— Exercise requirements —
Restate all of the following data exactly, keeping any images out of the copy.

— Dataset records —
######

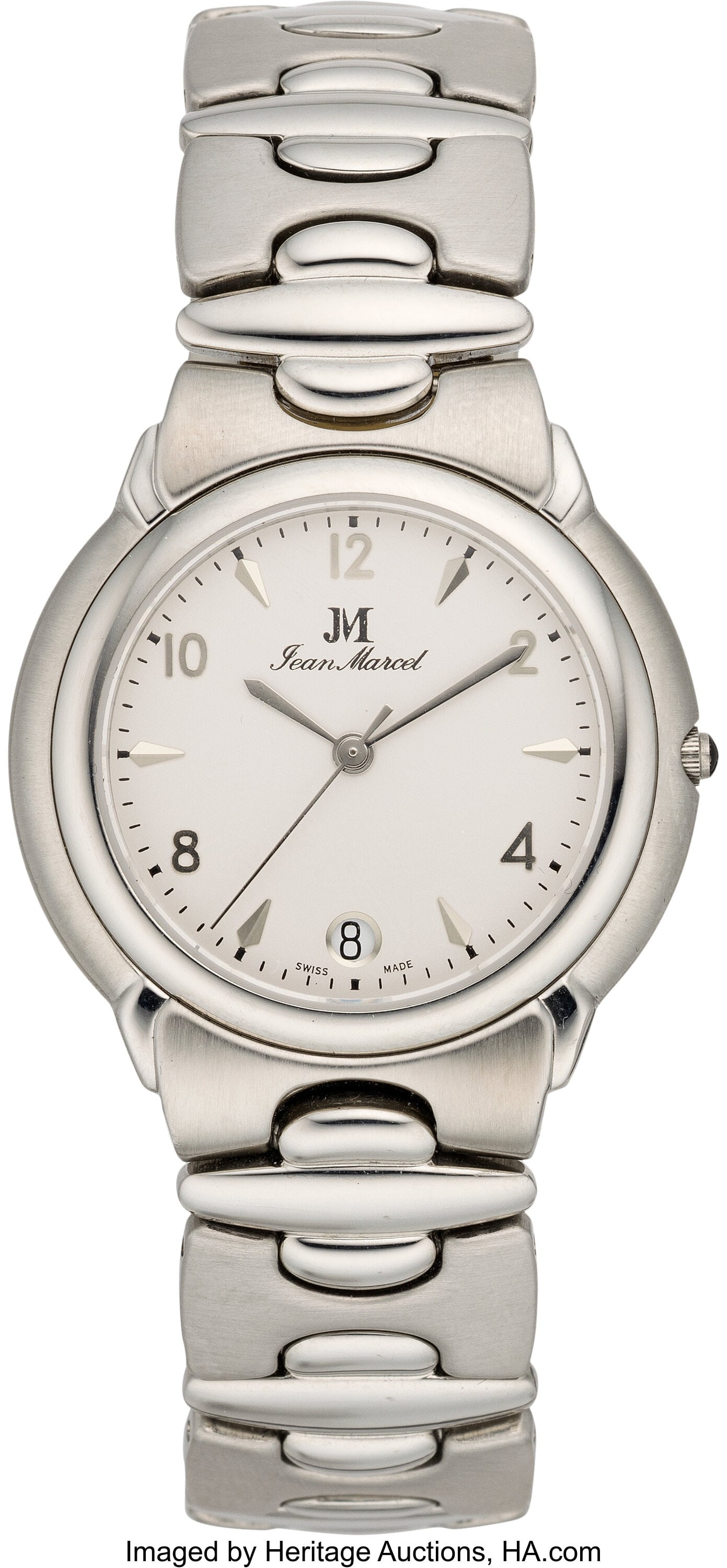 Jean Marcel Stainless Steel Stealth Watch Case:: Jean Marcel Stainless Steel Stealth Watch Case: 34 mm, round, stainless steel, snapback, synthetic sapphire crystal, 360.060 Dial: White, silver-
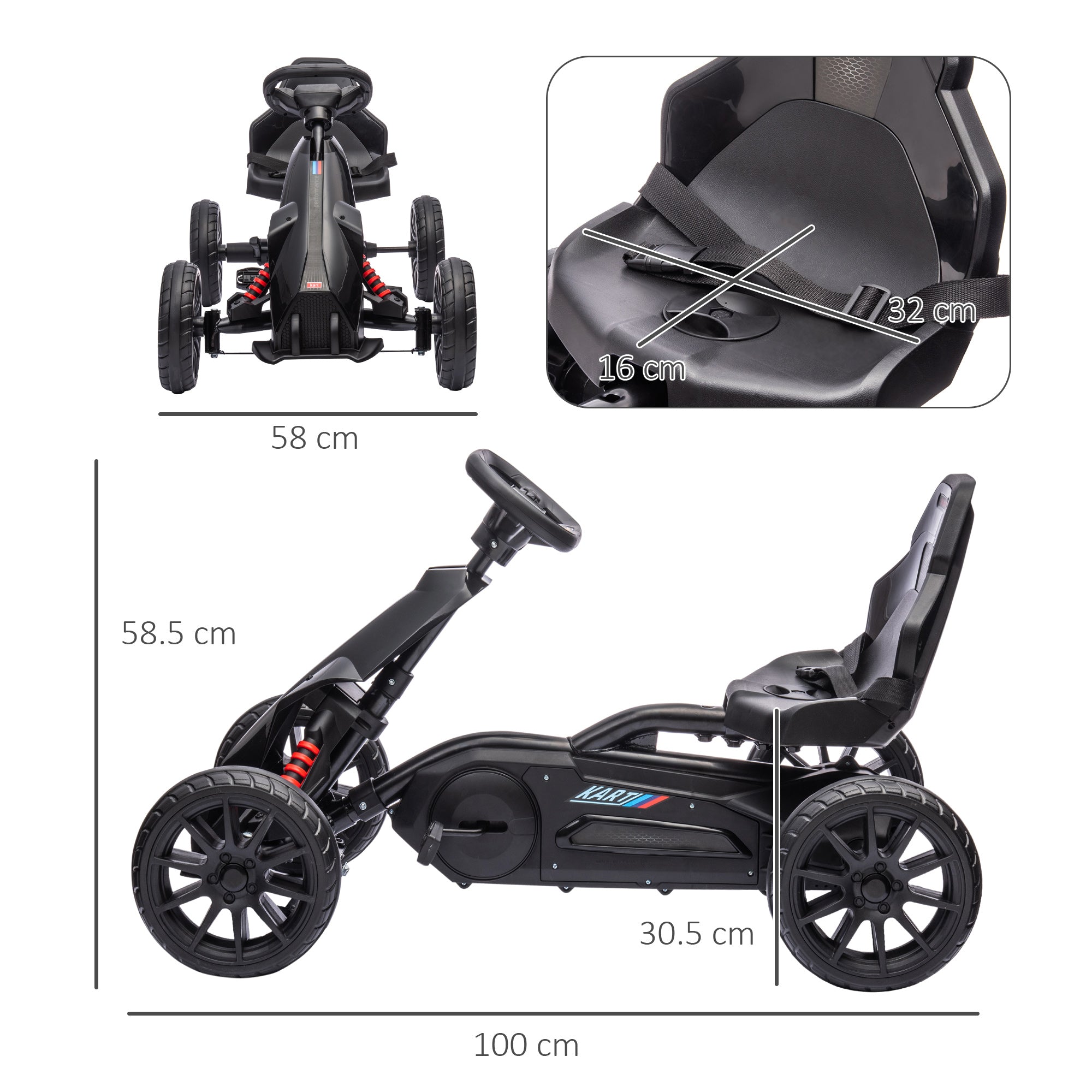 HOMCOM Kids Pedal Go Kart, with Adjustable Seat, EVA Wheels, Seat, Handbrake - Black - North Peak Garden Furniture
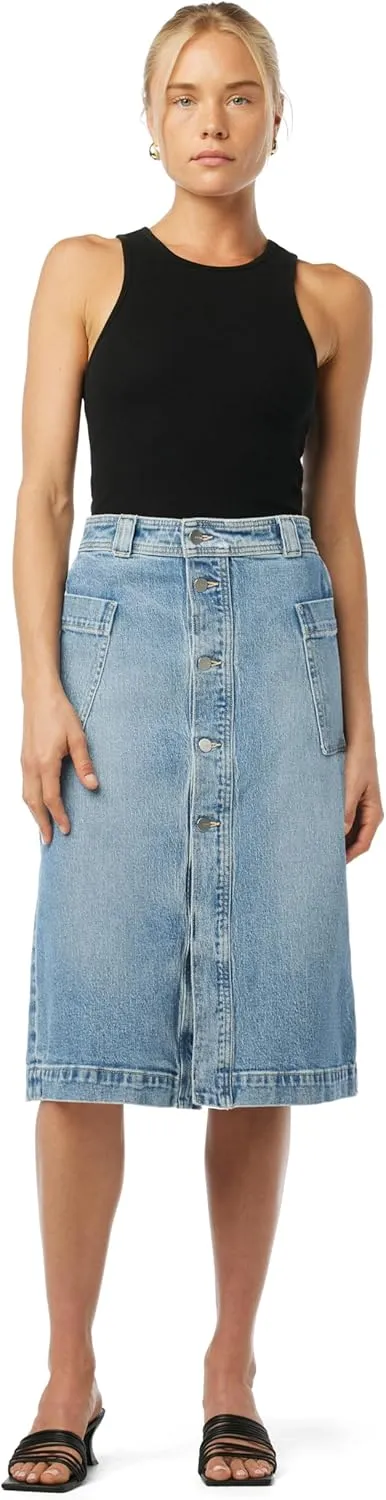 Joe's Women's The Pheobe High Rise Patch Pocket Midi Denim Skirt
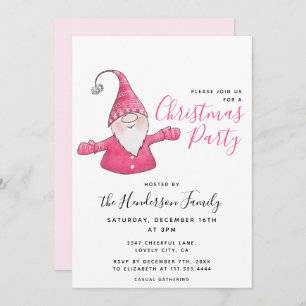 Niedliches Gnome Weiß und Rosa Weihnachts-Party Einladung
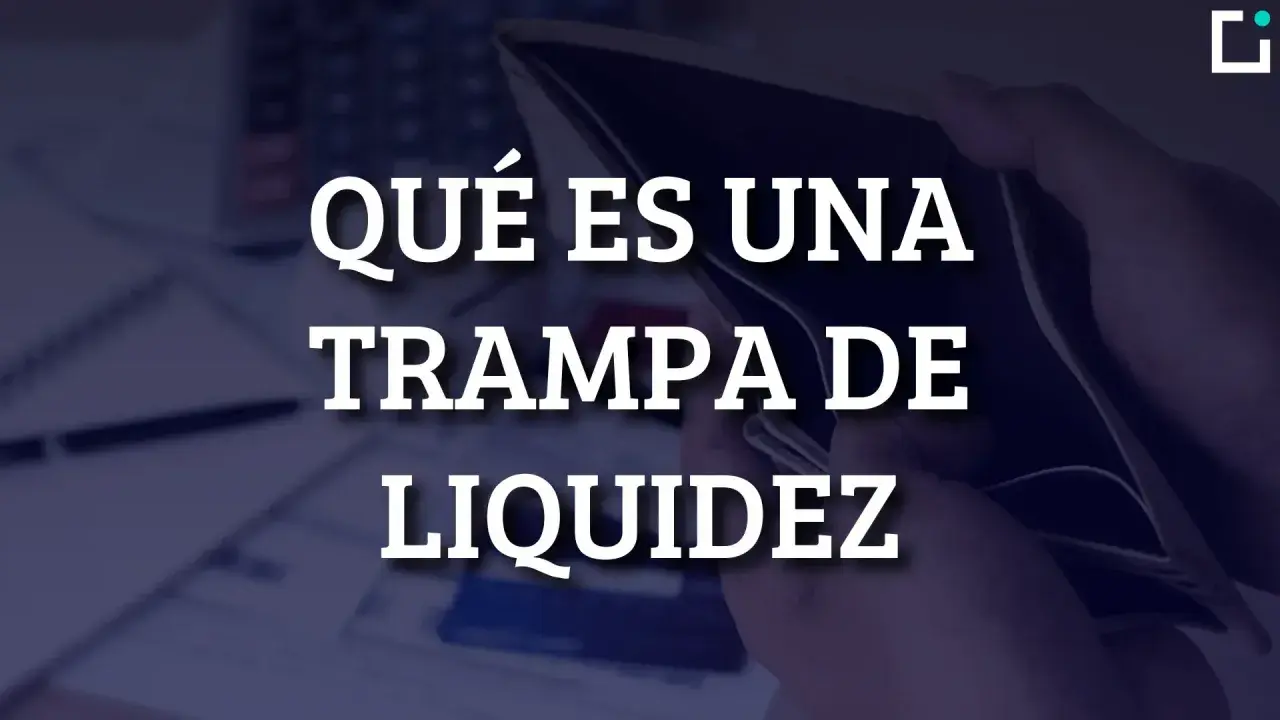 Mano vacía sosteniendo una billetera abierta, con texto que pregunta "¿Qué es una trampa de la liquidez?".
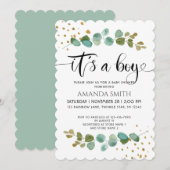 Het is een Boy Elegant Boy Eucalyptus Baby shower Kaart (Voorkant / Achterkant)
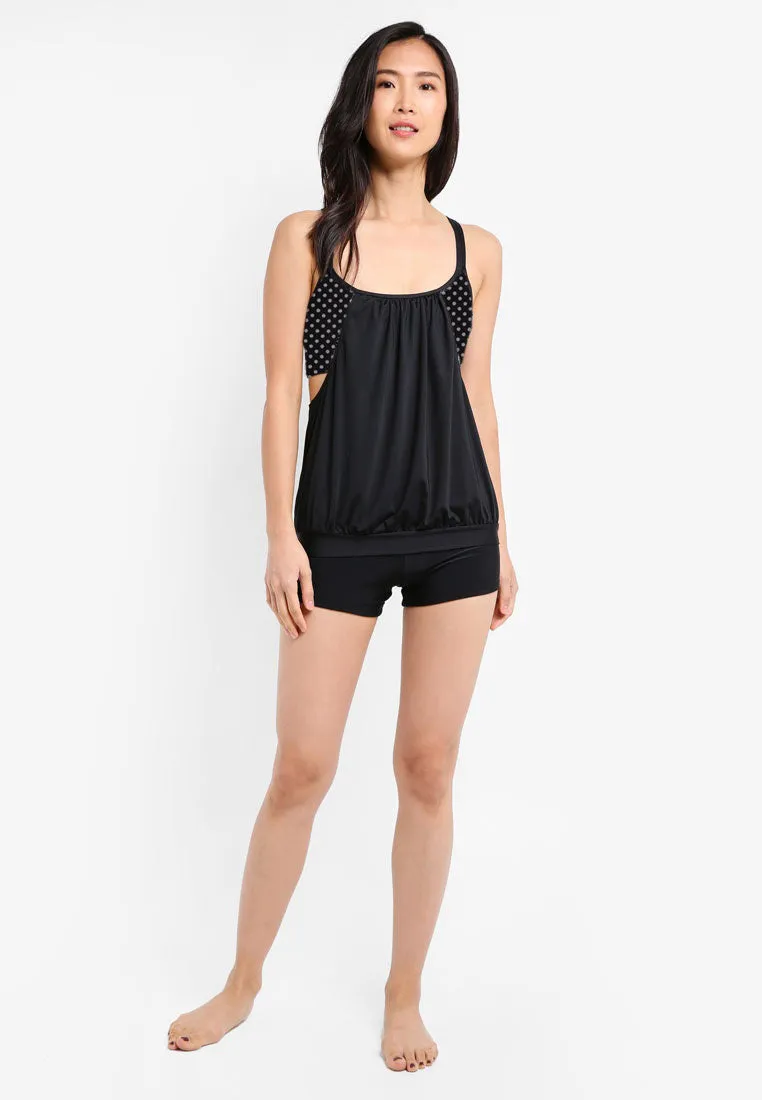 2-in-1 Blouson Tankini Top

######

— Written response —
 Jean Marcel Stainless Steel Stealth Watch Case:: Jean Marcel Stainless Steel Stealth Watch Case: 34 mm, round, stainless steel, snapback, synthetic sapphire crystal, 360.060 Dial: White, silver-
 HOMCOM Kids Pedal Go Kart, with Adjustable Seat, EVA Wheels, Seat, Handbrake - Black - North Peak Garden Furniture
 Joe's Women's The Pheobe High Rise Patch Pocket Midi Denim Skirt
 Niedliches Gnome Weiß und Rosa Weihnachts-Party Einladung
 Mano vacía sosteniendo una billetera abierta, con texto que pregunta "¿Qué es una trampa de la liquidez?".
 Het is een Boy Elegant Boy Eucalyptus Baby shower Kaart (Voorkant / Achterkant)
 2-in-1 Blouson Tankini Top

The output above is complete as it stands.